Problem to solve: Leaving out all pictures, write out word for word the lines from the one containing "Pantalón Recto en" to the end of the data below.

==== Supplied material ====

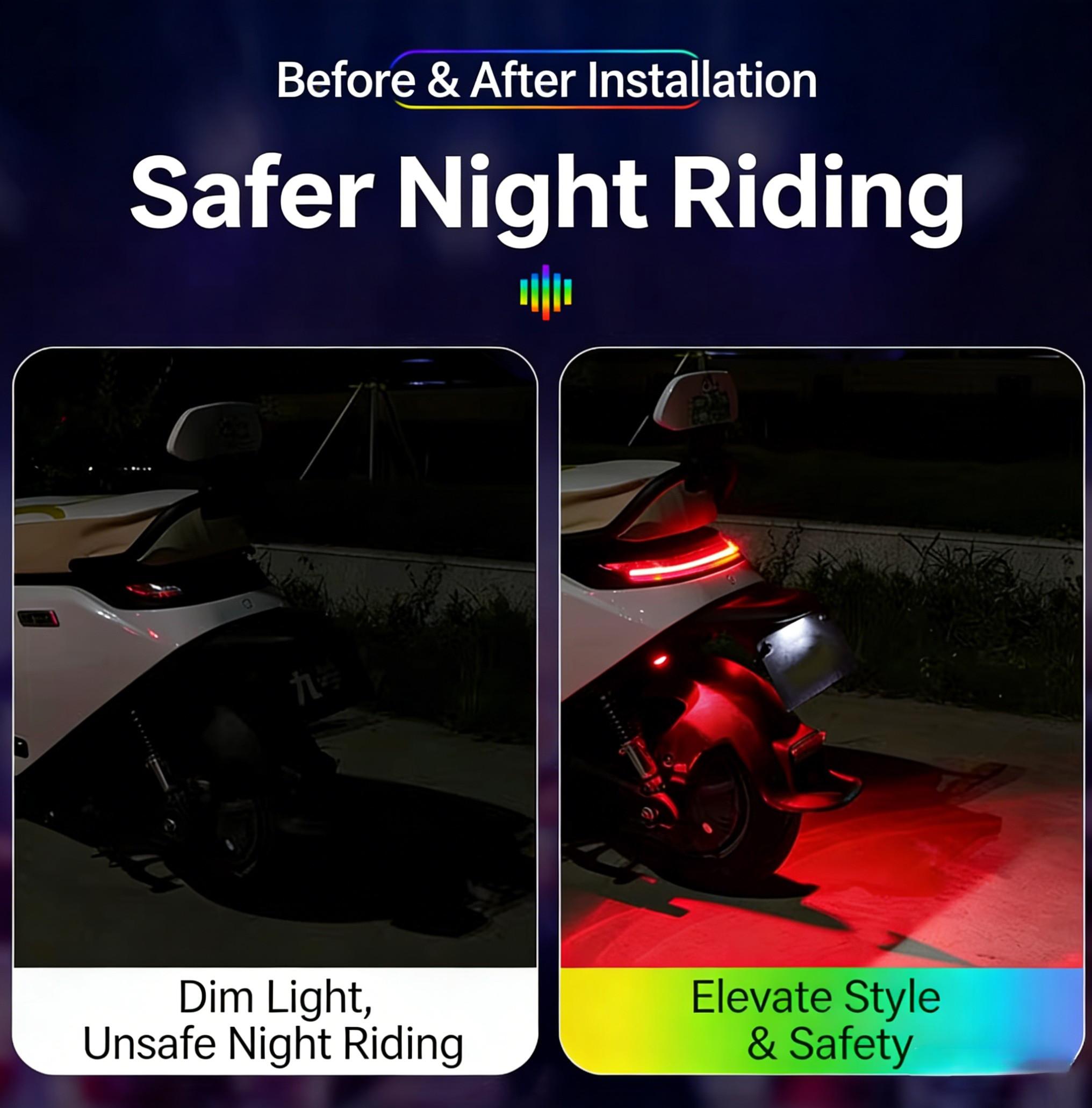 Aircraft Style LED Strobe Lights, Wireless Remote Control RGB 7-Color Anti-Collision Warning Lights, Rechargeable Flashing Beacon for Motorcycle Car Bike ATV, Must-Have Safety Gadget for Riders & Drivers Aircraft Style LED Strobe Lights, Wireless Remote Control RGB 7-Color Anti-Collision Warning Lights, Rechargeable Flashing Beacon for Motorcycle Car Bike ATV, Must-Have Safety Gadget for Riders & Drivers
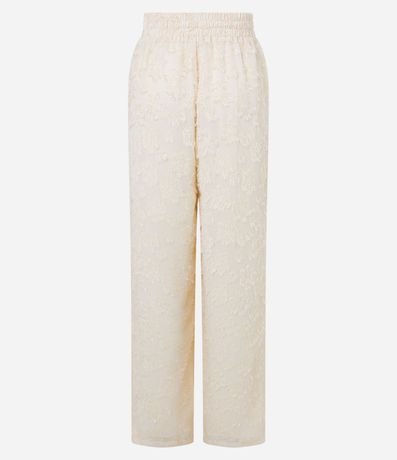 Pantalón Recto en Chiffon con Lazo en la Cintura y Texturas 8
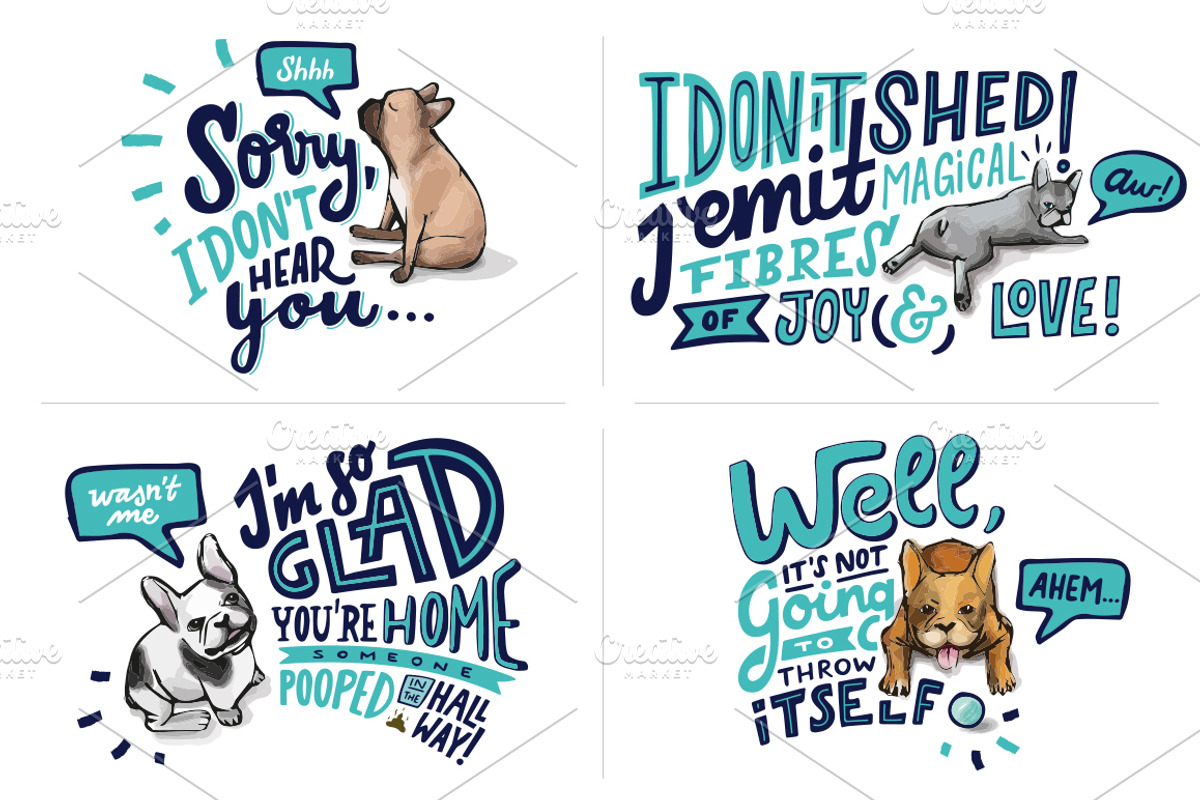 French bulldog - cute & sarcastic, a Graphic by Alexandra Deus (Photo 4 of 13)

====

Result for this task:
 Pantalón Recto en Chiffon con Lazo en la Cintura y Texturas 8
 French bulldog - cute & sarcastic, a Graphic by Alexandra Deus (Photo 4 of 13)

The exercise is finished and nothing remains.